The task of identifying actionable feedback is non-trivial as it aims at detecting the improvements about a reviewed item, which is semantically different from expressing an opinion. There are two distinct forms of indicating a suggestion, either by wishing the presence of a component or by regretting the absence of such a component. Although subjectivity or objectivity identification may also be useful for the purpose of identifying suggestions, the context is the exploration of a component-based opinion-mining systems , which only determine the sentiments or opinions expressed on different aspects of entities.
Medical Record Phenotyping
Electronic medical records are used in a variety of biomedical research, such as genetic association studies and studies of comparative effectiveness and risk stratification. One of the main challenges of this kind of application is the task of characterizing accurate phenotypes with electronic medical records as the existing approaches rely heavily on expert participation. To create such an algorithm it is necessary to collect informative features strongly characterizing a given phenotype, and to develop a classification algorithm based on these textual features with a gold-standard training set.
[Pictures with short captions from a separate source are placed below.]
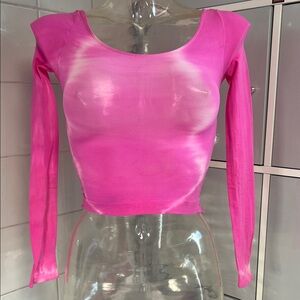 Body Wrappers Bubblegum Tie Dye Stocking Crop Top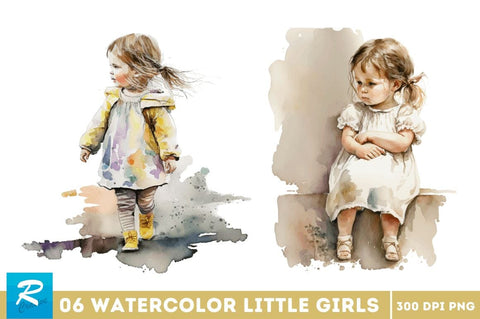 Watercolor Little Girls Clipart Bundle Sublimation Regulrcrative 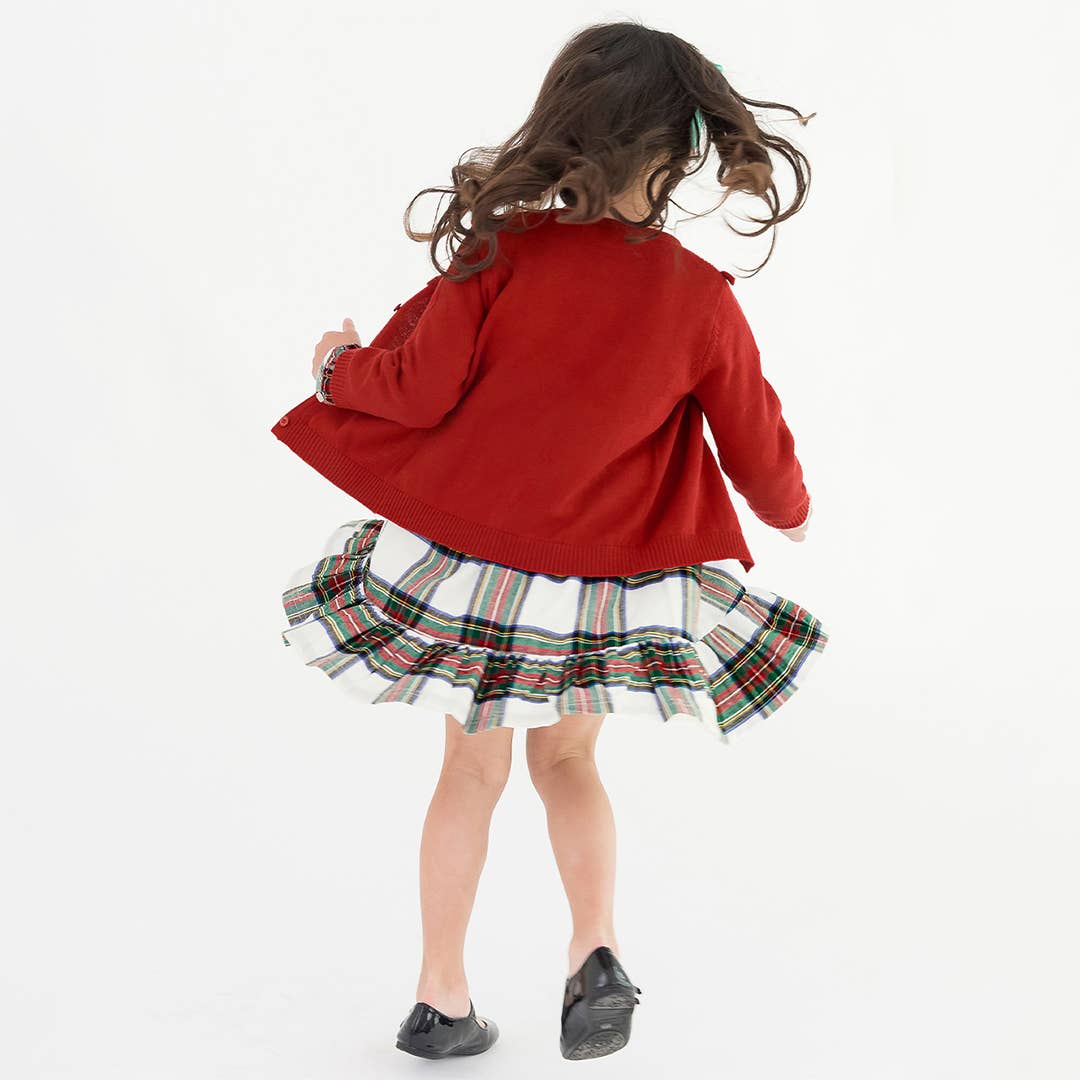 Classic Red Sweater Knit Ruffle Trim Cardigan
Most of the Semantic vector space models methods are based on the distance or angle between pairs of word vectors. It is possible to distinguish two most popular model families for learning word vectors : global matrix factorization and local context windows methods. One of outstanding examples of global matrix factorization methods is Latent Semantic Analysis (LSA) that allows to efficiently leverage statistical information. On the other hand, local context window methods as the skip-gram model, do well on the analogy tasks, that probe the finer structure of the word vector space by examining not the scalar distance between word vectors, but rather their various dimensions of difference. Methods like LSA do relatively poor on word analogy task and methods like skip-gram poorly utilize the statistics of the corpus, since they train on separate local context windows. Lexicon containment features demonstrated poor performance in comparison with long-distance context features. Lexical features, in turn, have the problem with the frequency of large and unique words, which causes certain misproportion.
In this article we've tried to cover the topic of feature extraction techniques for NLP and their variation depending on the application. Hopefully you found it useful.